Regional: Bicycles hand-built for one, two and all |

Regional: Bicycles hand-built for one, two and all

John Hargadon drills a vent hole for a tube splitter at 22Cycles.
Christopher Mullen / Post Independent |

Add bicycle manufacturing to Glenwood Springs’ repertoire of business ventures, or make that adventures, following the acquisition earlier this year of Twenty2Cycles by a group of five Glenwood investors.

Founded in Vail in 2011 by three entrepreneurial bike enthusiasts, Twenty2Cycles specializes in custom- and stock-designed bicycles for both road and trail surfaces, including road, mountain cross, 29- and 29-plus-inch frames, fat bikes and cyclocross bikes.

Among those chipping in to purchase the company in January were Randy Tuggle and Darin Binion, two of the owners of the popular Gear Exchange second-hand bike shop in Glenwood Springs. Joining them in the new venture are Scott Marr, Jesse Hood and Nick Armano.

Twenty2 comes from the periodic table of elements, where titanium is No. 22 on the chart. Most of the hand-built bikes they produce at their South Grand Avenue assembly shop are made out of super-light titanium, though some are made with aluminum and steel frames.

“When the opportunity came up to buy the business, we jumped at it,” Tuggle said. “Our goal is to expand production and create an opportunity for people to have hand-built bicycles made right here in town.”

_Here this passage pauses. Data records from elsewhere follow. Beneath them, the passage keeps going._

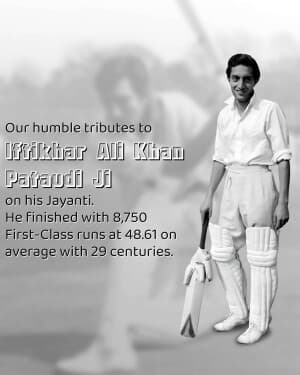 Iftikhar Ali Khan Pataudi Jayanti Facebook Poster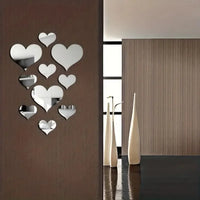 3D Love Heart Mirror Wall Stickers - Removable Acrylic Wall Decor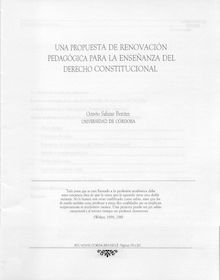 Una propuesta de renovación pedagógica para la enseñanza del Derecho Constitucional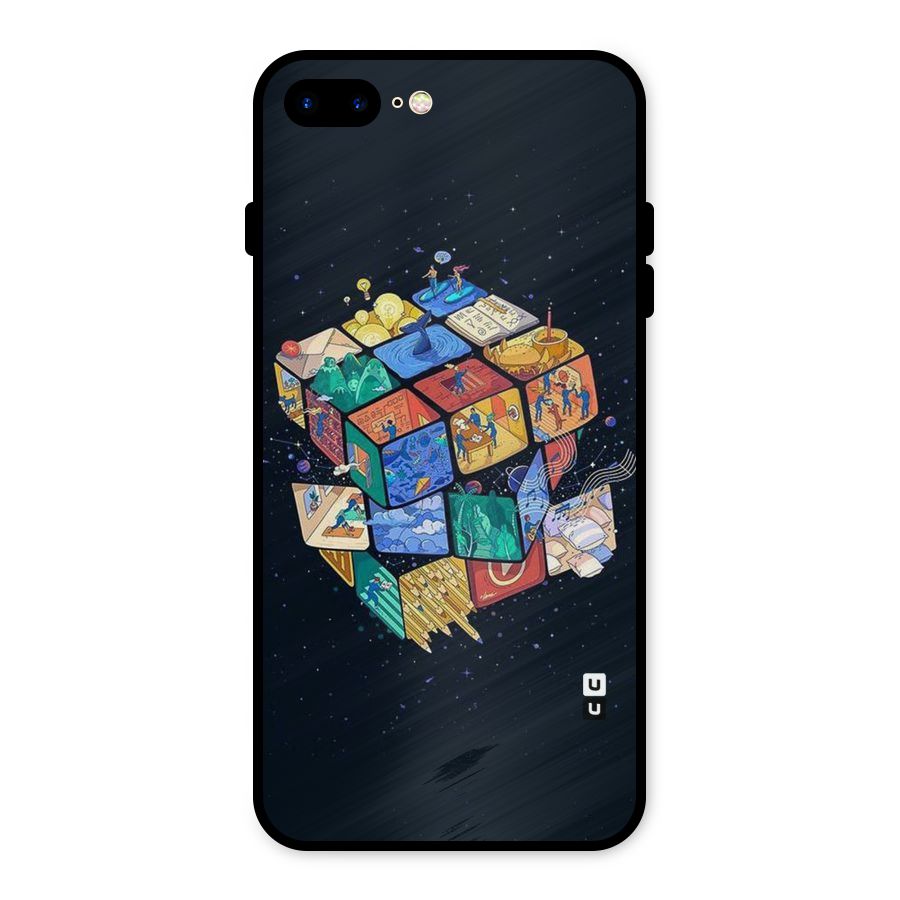Coloured Rubic Metal Back Case for iPhone 8 Plus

The bike assembly team can build from stock or custom geometry, depending on the client’s desires.

“We have the ability to take the dimensions and build a bike exactly for you with a professional fit,” he said. “Being custom hand-built, we’re not limited by anything but imagination.”

Tuggle said the Twenty2Cycles operation will crank out anywhere from 200 to 300 bikes per year.

“We really felt that Glenwood was a great place to bring this kind of business to the market, and as we grow there is the ability to create jobs and new opportunities,” he added.

Tuggle said they also intend to work with area technical schools to offer classes in bike building, “so that it’s not a dying trade.”